EXERCISE DETAILS: From the line containing "LOV Damier Monogram" down to the last line of the records below, give every line again without any change.

DATA FOR ANALYSIS:
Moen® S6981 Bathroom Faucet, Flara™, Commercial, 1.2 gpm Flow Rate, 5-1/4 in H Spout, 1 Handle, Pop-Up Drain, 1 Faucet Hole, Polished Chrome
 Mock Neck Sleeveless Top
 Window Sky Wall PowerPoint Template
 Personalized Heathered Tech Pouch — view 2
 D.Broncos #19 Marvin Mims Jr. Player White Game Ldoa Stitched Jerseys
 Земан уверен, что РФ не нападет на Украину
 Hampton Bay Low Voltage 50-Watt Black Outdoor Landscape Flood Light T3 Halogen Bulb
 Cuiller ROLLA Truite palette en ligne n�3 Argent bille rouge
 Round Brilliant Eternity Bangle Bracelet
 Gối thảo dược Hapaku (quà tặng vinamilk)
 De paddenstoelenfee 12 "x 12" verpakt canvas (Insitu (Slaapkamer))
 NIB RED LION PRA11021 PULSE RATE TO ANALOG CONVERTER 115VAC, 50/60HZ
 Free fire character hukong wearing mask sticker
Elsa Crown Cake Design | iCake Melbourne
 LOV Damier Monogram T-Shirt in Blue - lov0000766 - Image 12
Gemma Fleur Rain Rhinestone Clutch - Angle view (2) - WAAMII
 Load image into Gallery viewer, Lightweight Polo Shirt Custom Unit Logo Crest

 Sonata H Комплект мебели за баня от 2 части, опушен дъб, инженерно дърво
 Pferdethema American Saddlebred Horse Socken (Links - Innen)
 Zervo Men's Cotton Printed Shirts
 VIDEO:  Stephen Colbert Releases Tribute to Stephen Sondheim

PROBLEM SOLUTION:
 LOV Damier Monogram T-Shirt in Blue - lov0000766 - Image 12
Gemma Fleur Rain Rhinestone Clutch - Angle view (2) - WAAMII
 Load image into Gallery viewer, Lightweight Polo Shirt Custom Unit Logo Crest

 Sonata H Комплект мебели за баня от 2 части, опушен дъб, инженерно дърво
 Pferdethema American Saddlebred Horse Socken (Links - Innen)
 Zervo Men's Cotton Printed Shirts
 VIDEO:  Stephen Colbert Releases Tribute to Stephen Sondheim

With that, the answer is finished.